The statement noted that attacks against peacekeepers can constitute war crimes under international law.

The MINUSMA stabilization mission in Mali which began in 2013 is considered one the most dangerous U.N. peacekeeping missions, and attacks against blue helmets in the center and north of the country are common. Saturday’s incident brings to 18 the number of peacekeepers that have died this year alone.

A peacekeeper was killed and four others injured in a roadside bomb attack on a convoy in central Mali’s Mopti region on April 20.

On April 3, two Chadian peacekeepers were injured in a mortar and gun attack on a U.N. base in Kidal.

The recent unrest in the Sahel region began in Mali in 2012 with Tuareg separatist uprising against the state, which was exploited by Islamist extremists linked to al-Qaeda who took key cities in the desert north.

France began its Operation Serval military intervention in its former colony early the next year, driving the jihadists from the towns, but the militant groups morphed into more nimble formations operating in rural areas, sometimes winning over local populations by providing basic services and protection from bandits.

Large swathes of Mali remain outside government control, and the insurgency has gradually spread to central and southern regions of the country and across the borders into neighboring Burkina Faso and Niger.

A peace deal was signed in 2015 between the government and some armed groups designed to isolate the militant Islamists, but the jihadist insurgency has shown no signs of weakening.

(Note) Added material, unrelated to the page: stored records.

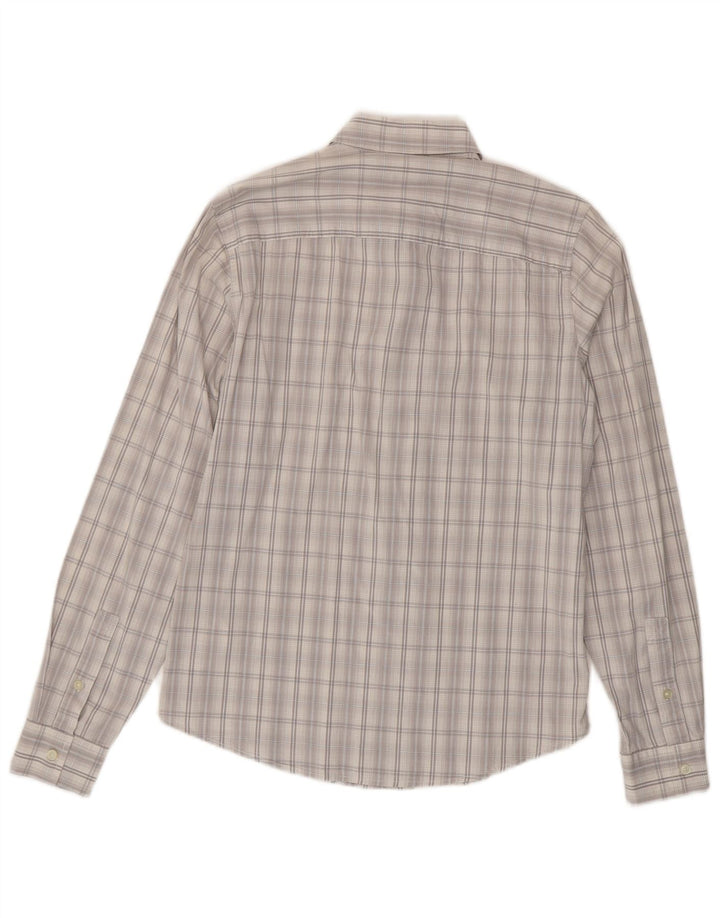 Calvin Klein Jeans Herreskjorte Medium Grey Ternet bomuld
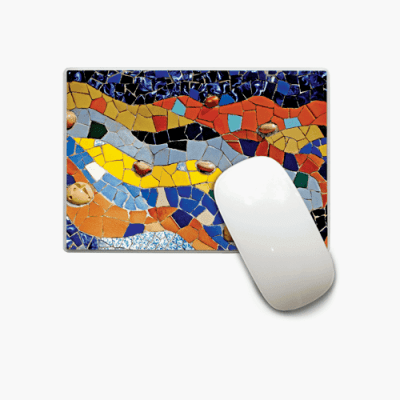 kleine muismat kleurrijk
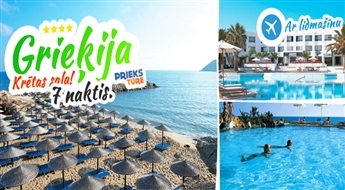 Karstā nedēļa saulainajā Krētas piekrastē! GRECOTEL CLUB MARINE PALACE, 4*, ALL INCLUSIVE! Izbaudi ilgi gaidīto vasaru!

The French mission in Mali evolved in August 2014 into the current Operation Barkhane, which has 4,500 personnel deployed with a mandate for counter-terrorism operations across the Sahel region, with 2,700 soldiers in Mali to support poorly-equipped local military forces.

Troops deployed to Barkhane work alongside the G5 Sahel joint counter-terrorism force that aims to train and deploy up to 5,000 personnel as well as MINUSMA, which in March had 12,644 military and 1,734 police personnel, 454 staff officers and 39 experts deployed from more than 50 U.N. partner nations.